We are not someone else’s narrativethe beliefs and cultural scripts (Jupiter) we grow up with – yet we are shaped by them. We are products of this era.
If we were born 20 years ago, we might have internalized different ideals of success and beauty. If we were born a hundred years ago, we might have different views on marriage, gender, or morality.
what’s important to us yes Shaped by the world we live in – But that’s not us.
We are not our wounds (Chiron) – Yet they live at the core of our being, pulling us back into their gravity in ways we cannot fully explain. We don’t want to go there because we don’t want to be triggered. We don’t want to face pain.
However, this avoidance means we take some actions and not others; it means we may avoid risks, stay in situations that feel safe, or repeat a pattern just to avoid the sting of the original wound.
our life yes Shaped by our wounds – but this is not who we are.
And Pluto. The cycle of life and death is inevitable. The raw, non-negotiable force of nature. While we all play by Pluto’s rules, we are not Pluto.
New Moon in Libra – Spit 2
Life can have a lot to deal with. We are attracted to relationships not just because they provide a psychological mirror, nor just because of the union that creates life (romance) or resources (business).
Interpersonal relationships are also emotional buffers. Sometimes, to avoid all of these overwhelming feelings, we seek refuge in relationships. In 2, the intensity is divided, shared, and becomes more dispersed.
Our intimacy can be ours Biggest catalyst for growth – but also Our most comfortable trapbecause it’s easy to get busy in a relationship.
It’s easy to get distracted when you’re alone – when the unreverberating silence forces you to go within and face what needs to be faced.
Too often, relationships that are supposed to free us to follow our own paths become a form of bondage. A dynamic carbon copy of our early experiences – Our parents, family, or other role models.
We are drawn to repeat the same dynamics, like an infinite loop, because it’s the only thing we know. What we know—no matter how painful or limited—is safer than what we don’t know.
New Moon in Libra – Who’s Afraid of Virginia Woolf
Who’s Afraid of the Virginia Wolf is a play on Who’s Afraid of the Big Bad Wolf, but replaces the monster with the intelligent, emotionally complex Virginia Woolf.
Characters in the play and movie of the same name Construct complex fantasies and fantasies in their marriage Coping with disappointment and pain.
Core psychological themes are: Are you afraid to face the truth?
“Virginia Woolf” symbolizes emotional honesty and the raw—and sometimes brutal—reality of adult life and relationships. The characters are afraid of giving up their fantasies, afraid of facing who they really are and what their lives have become.
“Who’s Afraid of Virginia Woolf” became a codename: Who’s Afraid of Life Without Constructed Narrative? Who is afraid of the responsibility that comes with true self-knowledge?

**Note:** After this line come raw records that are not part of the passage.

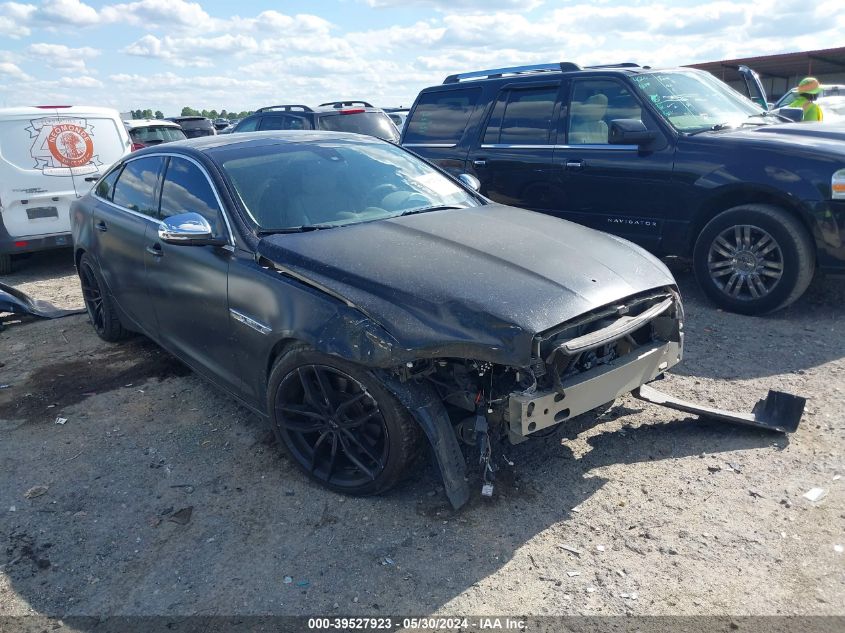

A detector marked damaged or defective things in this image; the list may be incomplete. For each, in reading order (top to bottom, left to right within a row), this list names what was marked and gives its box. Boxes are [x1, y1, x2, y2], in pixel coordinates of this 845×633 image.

crumpled fender [0, 282, 83, 320]
damaged gray sedan [72, 131, 720, 506]
crumpled fender [380, 370, 472, 508]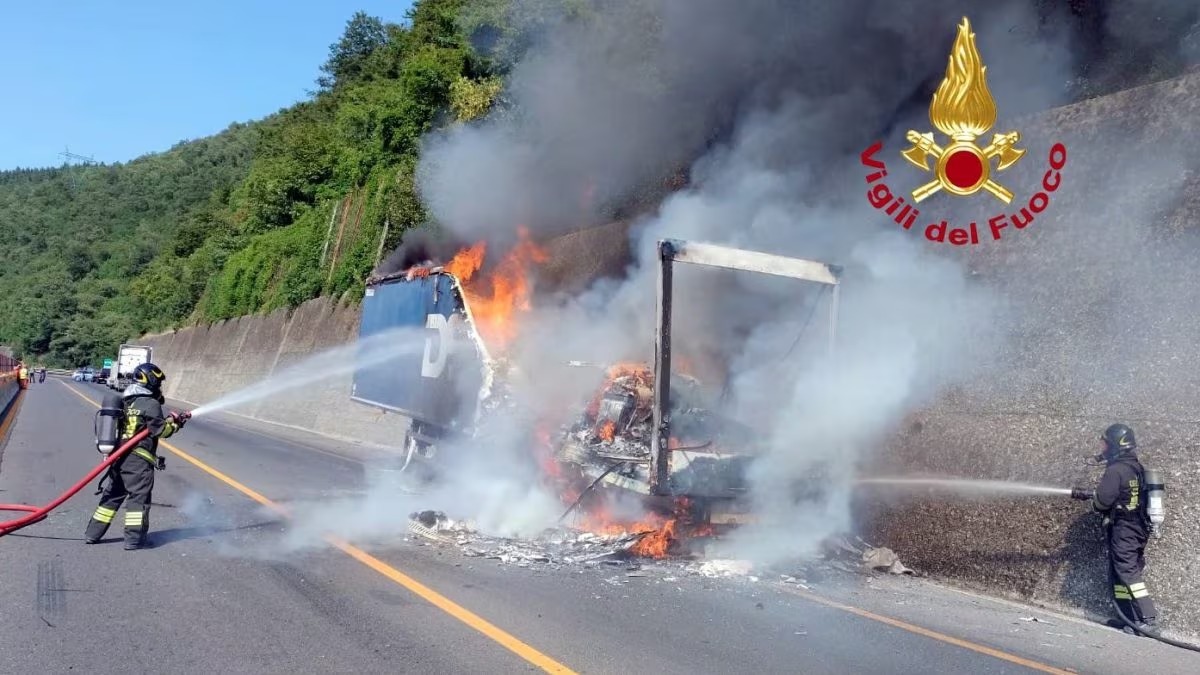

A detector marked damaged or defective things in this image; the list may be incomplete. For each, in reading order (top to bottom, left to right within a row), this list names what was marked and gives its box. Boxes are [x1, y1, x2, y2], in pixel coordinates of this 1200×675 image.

charred truck body [348, 236, 840, 521]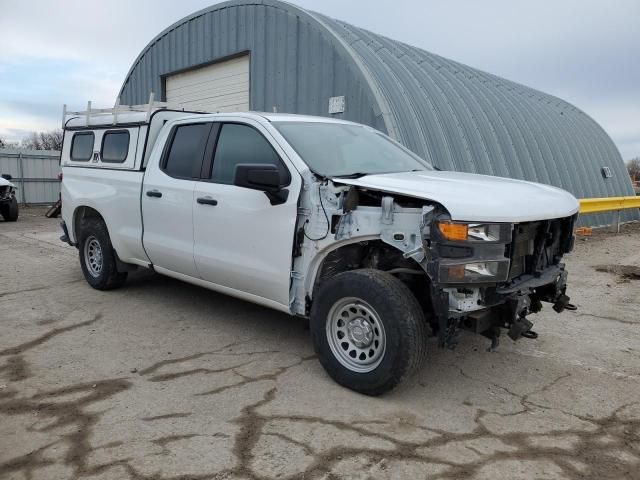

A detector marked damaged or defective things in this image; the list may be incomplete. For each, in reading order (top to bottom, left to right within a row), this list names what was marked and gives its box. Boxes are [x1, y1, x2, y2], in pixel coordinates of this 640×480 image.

Sometimes, all it takes is a shift in perspective to turn the same relationship that felt like a trap into a sacred playground—a space where we can see each other for who we are, grow the way we are meant to grow, and become the people we are meant to be.

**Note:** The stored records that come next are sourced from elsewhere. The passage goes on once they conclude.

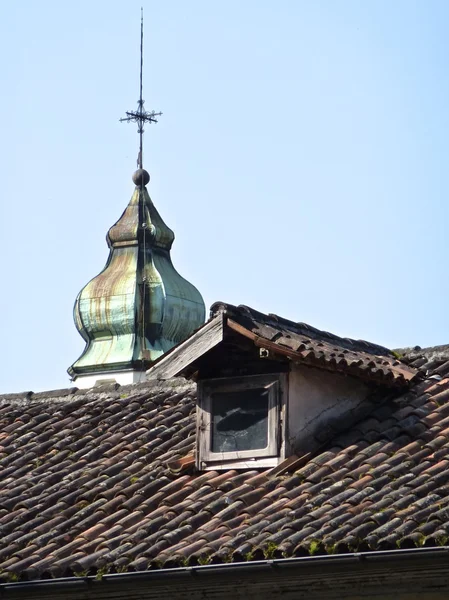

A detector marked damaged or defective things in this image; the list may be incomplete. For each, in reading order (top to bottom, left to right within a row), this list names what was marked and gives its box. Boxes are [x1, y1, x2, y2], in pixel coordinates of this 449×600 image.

broken window pane [209, 386, 266, 452]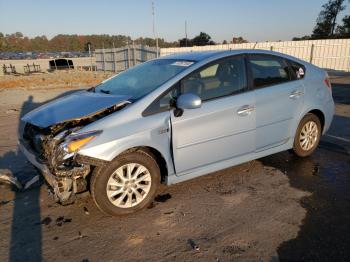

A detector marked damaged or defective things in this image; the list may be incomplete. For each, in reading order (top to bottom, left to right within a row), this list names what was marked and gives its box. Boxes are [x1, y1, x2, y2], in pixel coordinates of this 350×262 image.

severe front damage [19, 91, 131, 204]
crumpled hood [22, 90, 131, 128]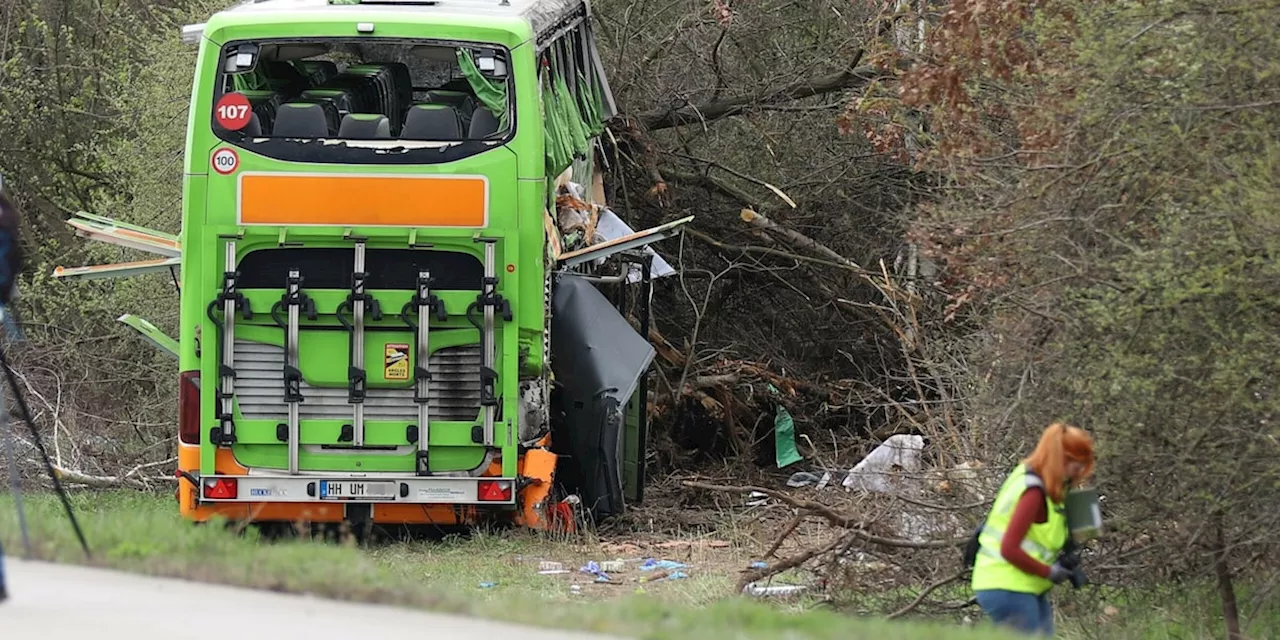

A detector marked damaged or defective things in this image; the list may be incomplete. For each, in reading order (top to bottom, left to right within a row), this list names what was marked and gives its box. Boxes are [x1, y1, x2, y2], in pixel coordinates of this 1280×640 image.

crashed bus [52, 0, 688, 532]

Because the problem is not the relationship – this is our narrative.
It is our unwillingness to face the truth that keeps us imprisoned in it.
When we are swayed by narratives—society’s, our wounded selves, or the world at large—we go through life blindfolded. We move from one relationship to another, but the cycle keeps repeating, the same scenarios replaying themselves over and over again, because of course, it’s never about “them” – it’s always, and always has been, about “us.”

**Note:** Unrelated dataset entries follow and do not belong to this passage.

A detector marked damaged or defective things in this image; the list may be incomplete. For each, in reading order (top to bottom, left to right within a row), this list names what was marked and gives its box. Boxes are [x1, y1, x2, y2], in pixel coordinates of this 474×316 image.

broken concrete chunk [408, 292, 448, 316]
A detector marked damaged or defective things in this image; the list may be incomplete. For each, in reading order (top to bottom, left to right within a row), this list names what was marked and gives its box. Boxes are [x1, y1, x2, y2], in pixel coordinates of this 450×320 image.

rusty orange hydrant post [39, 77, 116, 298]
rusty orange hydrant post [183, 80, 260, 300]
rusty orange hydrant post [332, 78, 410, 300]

Not in the sense of who is right or wrong—not even in the sense of whether we should be in a relationship—but in terms of Our own consciousness is the only thing we can truly control.
The New Moon in Libra invites us to look at ourselves and our lives as they are—to have the existential courage to break through outdated narratives and face what is real, without the safety net of fantasy.